Quadrupole gauge theory: anti-Higgs mechanism and elastic dual

TL;DR

This paper introduces a quadrupole gauge theory exhibiting an anti-Higgs mechanism where spontaneous symmetry breaking leads to more massless excitations, and establishes a duality with exotic elastic systems called incompressible crystals.

Contribution

It extends gauge theory to include quadrupole moments, revealing a novel anti-Higgs mechanism and duality with incompressible crystal phases.

Findings

Spontaneous quadrupole symmetry breaking increases massless modes.

The anti-Higgs mechanism challenges traditional Higgs paradigm.

Duality links quadrupole gauge theory to incompressible crystal phases.

Abstract

Motivated by the duality between elasticity and fracton gauge theory, we study an extension of the gauge group that includes the quadrupole moment.
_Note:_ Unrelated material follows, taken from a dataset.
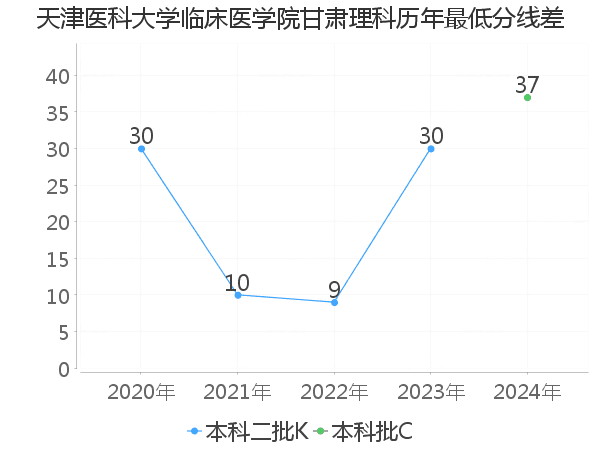 最低分数差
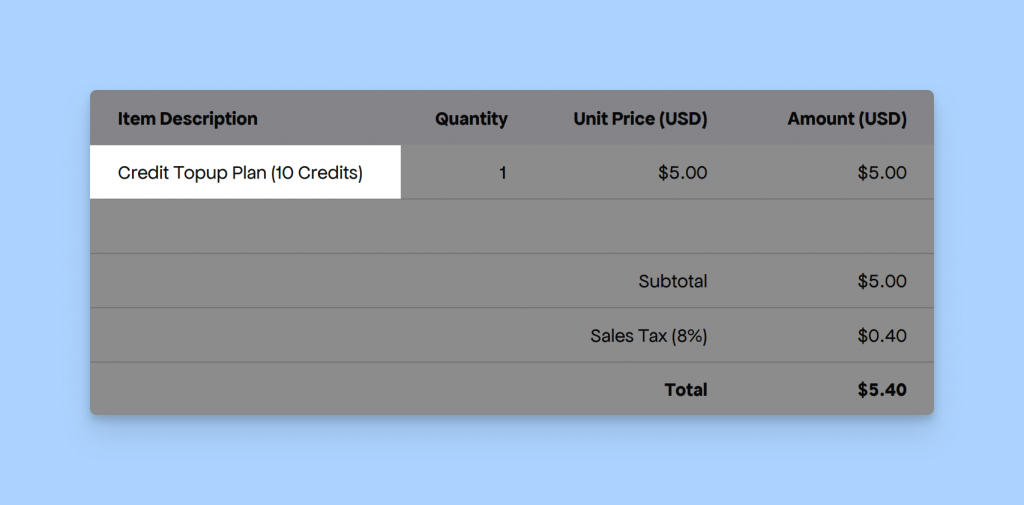 Dynamic License Unit Label in the Invoice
Remarkably, we find that spontaneous breaking of the quadrupole symmetry increases the number of massless excitations. This result appears to challenge the well-established paradigm, according to which gauge fields acquire mass through the Higgs mechanism, and the would-be Goldstone bosons are rendered massive. We refer to this phenomenon as the anti-Higgs mechanism. Furthermore, we demonstrate that the quadrupole gauge theory is dual to an exotic class of elastic systems, which we dub incompressible crystals. The anti-Higgs mechanism in the dual theory corresponds to a phase transition from the incompressible crystal state to an ordinary (compressible) solid.